● Assignment
At the line that contains "White snacks chenille", begin setting down every line word for word, and stop after the last line of the listing.

○ ○ ○ ○

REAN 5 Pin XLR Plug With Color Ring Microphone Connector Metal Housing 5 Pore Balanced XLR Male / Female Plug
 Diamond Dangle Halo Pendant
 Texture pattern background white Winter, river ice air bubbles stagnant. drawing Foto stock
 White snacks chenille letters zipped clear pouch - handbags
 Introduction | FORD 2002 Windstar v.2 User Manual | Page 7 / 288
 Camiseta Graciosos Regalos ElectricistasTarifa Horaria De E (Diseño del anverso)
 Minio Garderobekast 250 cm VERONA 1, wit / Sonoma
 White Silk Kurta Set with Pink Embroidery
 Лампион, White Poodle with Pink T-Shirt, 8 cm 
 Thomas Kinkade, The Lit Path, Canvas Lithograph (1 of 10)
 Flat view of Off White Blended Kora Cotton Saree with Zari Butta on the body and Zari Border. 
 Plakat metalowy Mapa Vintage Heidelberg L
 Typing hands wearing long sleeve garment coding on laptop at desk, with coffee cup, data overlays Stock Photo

○ ○ ○ ○

● Output below
 White snacks chenille letters zipped clear pouch - handbags
 Introduction | FORD 2002 Windstar v.2 User Manual | Page 7 / 288
 Camiseta Graciosos Regalos ElectricistasTarifa Horaria De E (Diseño del anverso)
 Minio Garderobekast 250 cm VERONA 1, wit / Sonoma
 White Silk Kurta Set with Pink Embroidery
 Лампион, White Poodle with Pink T-Shirt, 8 cm 
 Thomas Kinkade, The Lit Path, Canvas Lithograph (1 of 10)
 Flat view of Off White Blended Kora Cotton Saree with Zari Butta on the body and Zari Border. 
 Plakat metalowy Mapa Vintage Heidelberg L
 Typing hands wearing long sleeve garment coding on laptop at desk, with coffee cup, data overlays Stock Photo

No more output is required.